We have just now moved from the language of the Gospel of John to the language of the First Epistle of Peter, from the resurrected Jesus in the experience of the first-hand believers, there, in that room, to the resurrected Jesus in our experience as second-hand believers, removed from us in heaven but still present to us by his Word and Holy Spirit. Our relationship with him requires more of belief than was required of his disciples, because we do not see him, and we have to depend more on the promises, and even him we experience as a promise.

He is both the living witness and the living promise. And because he personally is imperishable, undefiled, and unfading, so is your inheritance, the inheritance that you are promised. Not only is your inheritance imperishable, but St. Peter goes further to claim that the genuineness of your faith is imperishable, even when it’s tested and tried by suffering and opposition or your internal doubts and hesitations.

It’s imperishable because it’s grounded not in your own ability to believe, but in the objectivity of what happened to Jesus in history, as attested by witnesses. It’s imperishable because no matter how weak you might feel within your faith, the written testimony of the apostles does not change and the living testimony of the resurrected Jesus is undefiled and unfading.

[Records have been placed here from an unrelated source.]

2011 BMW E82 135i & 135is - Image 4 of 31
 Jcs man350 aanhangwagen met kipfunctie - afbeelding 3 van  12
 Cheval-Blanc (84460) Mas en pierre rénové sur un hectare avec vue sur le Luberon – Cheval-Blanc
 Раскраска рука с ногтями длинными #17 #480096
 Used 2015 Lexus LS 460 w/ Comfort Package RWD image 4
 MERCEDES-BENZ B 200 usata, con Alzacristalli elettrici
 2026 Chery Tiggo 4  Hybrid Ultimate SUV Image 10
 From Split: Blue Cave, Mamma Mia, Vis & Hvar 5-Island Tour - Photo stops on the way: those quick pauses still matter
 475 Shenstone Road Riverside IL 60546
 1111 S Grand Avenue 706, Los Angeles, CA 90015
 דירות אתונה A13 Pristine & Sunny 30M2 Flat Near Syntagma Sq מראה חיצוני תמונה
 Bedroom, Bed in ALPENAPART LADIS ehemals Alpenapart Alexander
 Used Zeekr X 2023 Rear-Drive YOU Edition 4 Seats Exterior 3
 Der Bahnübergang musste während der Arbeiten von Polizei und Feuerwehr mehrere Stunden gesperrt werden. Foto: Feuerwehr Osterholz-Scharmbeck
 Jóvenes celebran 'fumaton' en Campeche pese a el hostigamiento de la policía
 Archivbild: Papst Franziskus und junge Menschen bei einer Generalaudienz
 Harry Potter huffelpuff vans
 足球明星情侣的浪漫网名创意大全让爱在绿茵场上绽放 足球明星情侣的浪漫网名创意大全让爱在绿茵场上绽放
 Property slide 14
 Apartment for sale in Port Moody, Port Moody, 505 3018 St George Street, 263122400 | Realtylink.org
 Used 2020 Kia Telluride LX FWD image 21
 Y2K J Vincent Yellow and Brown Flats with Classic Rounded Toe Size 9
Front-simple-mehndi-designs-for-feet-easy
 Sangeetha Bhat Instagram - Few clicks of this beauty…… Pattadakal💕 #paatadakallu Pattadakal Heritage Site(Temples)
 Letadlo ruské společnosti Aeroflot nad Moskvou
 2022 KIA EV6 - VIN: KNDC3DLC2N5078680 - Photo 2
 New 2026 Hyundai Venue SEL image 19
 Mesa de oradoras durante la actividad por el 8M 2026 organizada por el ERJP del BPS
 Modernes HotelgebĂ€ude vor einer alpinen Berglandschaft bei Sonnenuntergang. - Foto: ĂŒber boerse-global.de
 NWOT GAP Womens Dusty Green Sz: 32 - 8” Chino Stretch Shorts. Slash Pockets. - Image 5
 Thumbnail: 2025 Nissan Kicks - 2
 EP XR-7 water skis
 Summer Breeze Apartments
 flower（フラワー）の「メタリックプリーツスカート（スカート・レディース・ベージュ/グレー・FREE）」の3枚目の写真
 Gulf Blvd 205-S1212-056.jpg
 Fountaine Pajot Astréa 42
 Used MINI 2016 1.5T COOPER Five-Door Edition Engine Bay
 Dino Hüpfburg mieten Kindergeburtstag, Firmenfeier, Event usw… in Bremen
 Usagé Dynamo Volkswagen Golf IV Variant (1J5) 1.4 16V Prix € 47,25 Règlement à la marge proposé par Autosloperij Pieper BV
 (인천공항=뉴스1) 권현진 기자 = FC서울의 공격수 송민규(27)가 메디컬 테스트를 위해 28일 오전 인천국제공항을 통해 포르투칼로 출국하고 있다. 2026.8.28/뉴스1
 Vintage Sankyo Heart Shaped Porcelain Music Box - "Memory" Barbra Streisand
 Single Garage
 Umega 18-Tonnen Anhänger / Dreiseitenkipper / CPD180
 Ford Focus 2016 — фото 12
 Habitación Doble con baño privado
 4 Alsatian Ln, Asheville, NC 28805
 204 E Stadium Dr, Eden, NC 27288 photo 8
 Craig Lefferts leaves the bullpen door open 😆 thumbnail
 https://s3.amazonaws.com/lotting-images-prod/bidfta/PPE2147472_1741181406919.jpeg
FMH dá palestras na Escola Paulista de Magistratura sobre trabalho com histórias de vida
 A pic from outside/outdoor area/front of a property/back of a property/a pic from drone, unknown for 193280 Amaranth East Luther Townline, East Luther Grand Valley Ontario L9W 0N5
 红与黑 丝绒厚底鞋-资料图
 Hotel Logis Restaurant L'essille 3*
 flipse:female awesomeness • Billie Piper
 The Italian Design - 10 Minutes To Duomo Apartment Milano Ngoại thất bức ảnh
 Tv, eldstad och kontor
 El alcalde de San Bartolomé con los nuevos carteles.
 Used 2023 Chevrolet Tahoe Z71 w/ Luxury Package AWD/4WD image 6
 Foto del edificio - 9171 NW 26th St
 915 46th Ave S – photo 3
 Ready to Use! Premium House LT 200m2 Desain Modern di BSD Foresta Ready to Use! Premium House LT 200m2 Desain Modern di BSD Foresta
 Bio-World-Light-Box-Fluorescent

The benefit of this, in the words of St. Peter, is the salvation of your souls. This terminology is easily misunderstood if you think of your soul as that ghost inside your physical body. The Greek word for soul can also be translated as “life,” your full life, your human life, and your fully real and human is what is being saved.

This is not a final escape, but the rescuing of your life right now, the rescuing of your life from frustration, from nothingness, from the shadow of death. It saves your actions in the world from emptiness, it rescues your witness in the world from nihilism, it saves your good deeds, your social witness, your service to the poor, your speaking up, your resisting violence, your marching in Washington, your reading books, your raising kids, your sacrifices of time and energy and money for the congregation you belong to, all that gets saved, it is not wasted, it does not get lost. That’s the promise, and of that you yourselves are witnesses.

And this is how you may feel the truth of that ecstasy of St. Peter’s epistle: “Although you have not seen him, you love him, and although you do not see him now, you believe in him, and rejoice with an indescribable and glorious joy, for you are receiving the outcome of your faith, the salvation of your souls.”

Copyright © 2017 by Daniel Meeter, all rights reserved.

1 comment:

Old First said...

I received a comment that is worth considering, that I was overly broad in what I said about pagan religions, and the relative absence of belief. The commenter appeals to an ancient Egyptian hymn. But I will not publish the comment because it is anonymous.